In Europe, Hans Reichel is revered as an innovator and guitarist on par with folks like Derek Bailey and John Fahey. He invented his own unique language on the instrument – but he didn’t stop there. He radically modified and created wild new hybrid guitars that produced sounds like the koto, organ, harpsichord, chimes, and even electronics. All of this in the service of extending the expressive possibilities of his music.

We’re slightly embarrassed to admit that we’re relative newcomers to Hans Reichel ourselves. He’s virtually unknown in the U.S. and we’re guessing many of you aren’t overly familiar with him either. When he recently passed away, it was hard to find more than one obit for him across the entire English speaking internet!
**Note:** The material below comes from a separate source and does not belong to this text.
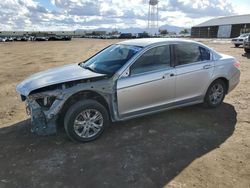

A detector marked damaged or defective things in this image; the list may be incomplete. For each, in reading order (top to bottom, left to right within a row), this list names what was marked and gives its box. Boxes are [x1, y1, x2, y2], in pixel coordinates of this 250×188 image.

crumpled front hood [15, 63, 105, 96]
damaged silver sedan [16, 38, 240, 142] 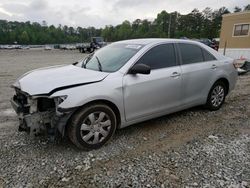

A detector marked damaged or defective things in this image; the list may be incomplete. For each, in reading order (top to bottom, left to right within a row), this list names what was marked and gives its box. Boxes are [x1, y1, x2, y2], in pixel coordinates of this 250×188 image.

Given his lofty European reputation, we were half-expecting his music to be more cerebral, conceptual, and arid. But that’s not the case. It’s playful and pleasurable, sinuous and sizzling, brimming with gob-smackingly weird and wonderful textures that are harnessed through his lucid and succinct compositions. If you’re a fan of  six-string slingers such as Marc Ribot, Bill Frisell, Bill Orcutt, and Sir Richard Bishop — chances are you’re going to flip for Hans Reichel.

One reason for Reichel’s incognito profile is that his best music has been unavailable for decades. We couldn’t be prouder to help correct that problem and offer digital reissues of his most essential FMP albums  – Wichlinghauser Blues, Bonobo, Shanghaied on Tor Road, and the two-fer The Death of Rare Bird Ymir & Bonobo Beach.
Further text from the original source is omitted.